Hannie Rayson: A pioneer of Australian theatre

By CELINE SABAN-FRIEND

As Crowded House’s album Woodface softly plays inside Mario’s restaurant, Australian playwright Hannie Rayson recalls her extraordinary yet often ordinary life.

Dressed in all black, Rayson and I find ourselves matching, with the exception of her well-worn cherry red boots that put my sneakers to shame. 

Rayson talks to me like an old friend, open and comfortable to share the good and the bad. She makes it easy to forget that she is not only a successful writer but a veteran of theatre. 

With a career spanning more than 30 years, Rayson has written more than a dozen plays, including her most notable work Hotel Sorrento (1990) and Life After George (2000). 

Not only have her plays been performed in Australia but in various countries, and languages, around the world.

They have received numerous awards including two Australian Writers’ Guild Awards, four Helpmann Awards, two NSW Premier’s Literary Awards and a Victorian Premier’s Literary Award.
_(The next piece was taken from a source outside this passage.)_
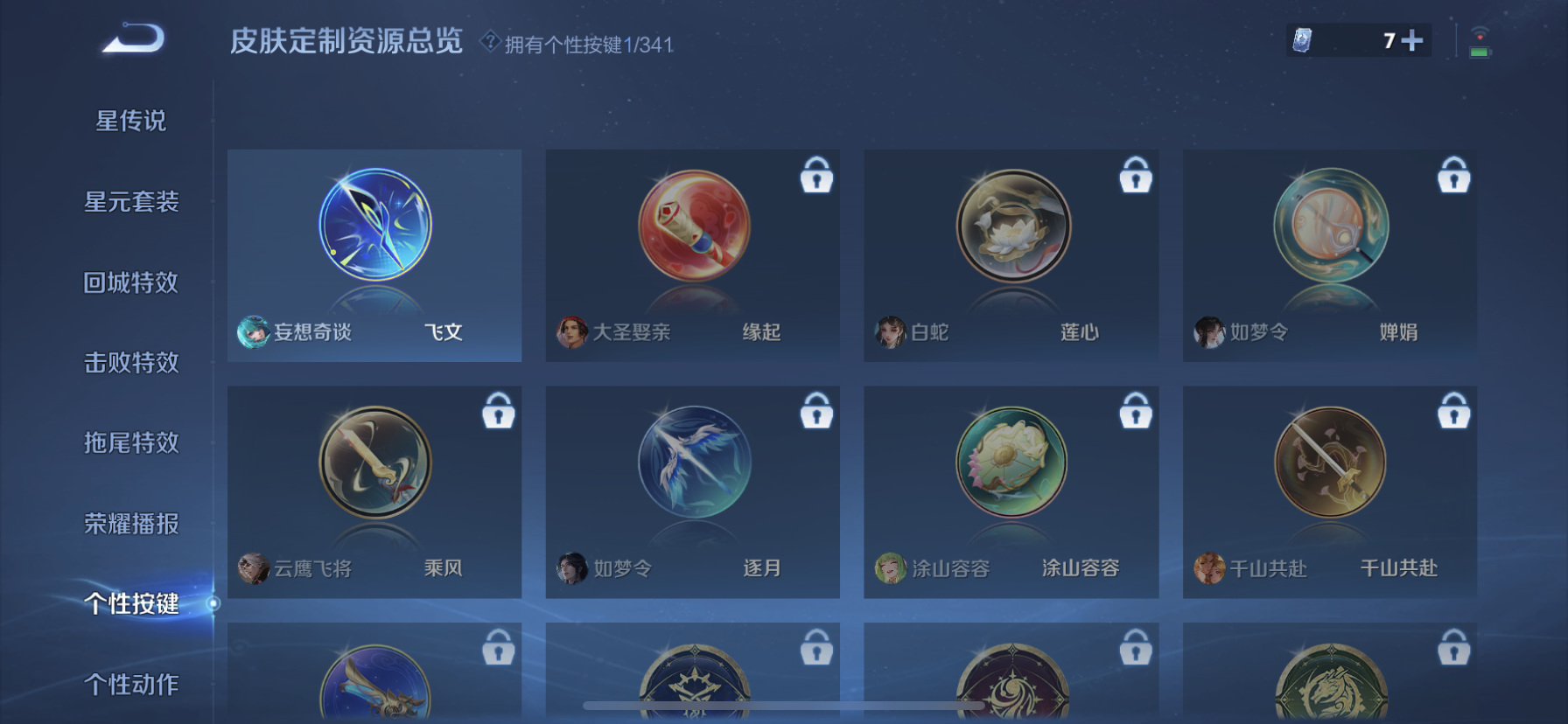 WZDN3282782王者荣耀账号详情图6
Hannie Rayson co-founded Theatre Works in 1980. PHOTO: Theatre Works.

While her list of achievements goes on, Rayson is humble. 
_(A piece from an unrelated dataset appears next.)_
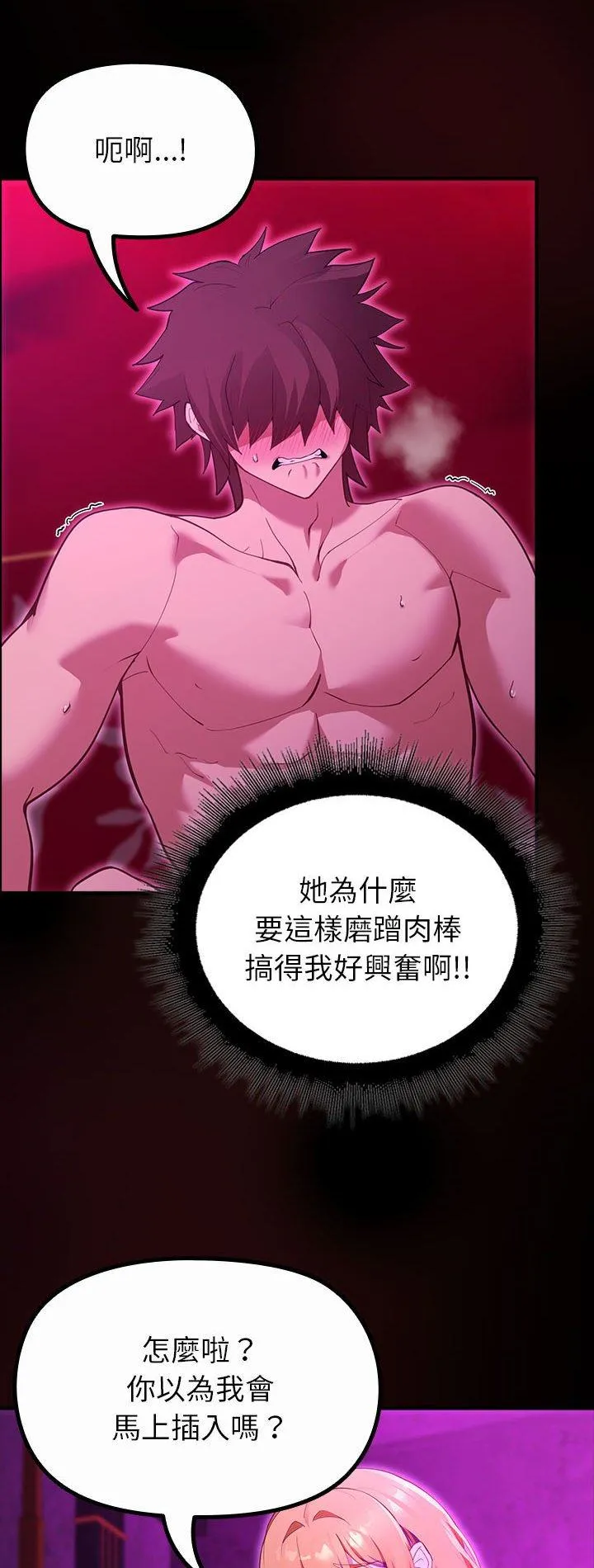 迷雾深处的诱惑 第31話 第 2 页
According to her previous partner of 14 years and life-long friend, Jaems Grant, Rayson has always been that way.

“She doesn’t act, she doesn’t have a façade or anything, she’s a very open person,” he says.

Every morning at around six o’clock, Rayson walks her husband, historian and ABC Radio National presenter, Michael Cathcart to the ABC offices in Southbank.

She tells me she finds this to be a good way of acclimatising to the world before grabbing a coffee and heading to the State Library. 

The library is often an escape for her. An escape from the often-solitary pursuit of writing and everyday distractions.

“There is a sort of loneliness factor that comes with being a writer and there is a part of me that likes, however pathetically, to be connected with people,” Rayson says.

“And the world can’t get me in there. It’s just me and my thinking.”

She tells me how in the days of working from home she would often fantasise about life as a business woman, life working 9am to 5pm. 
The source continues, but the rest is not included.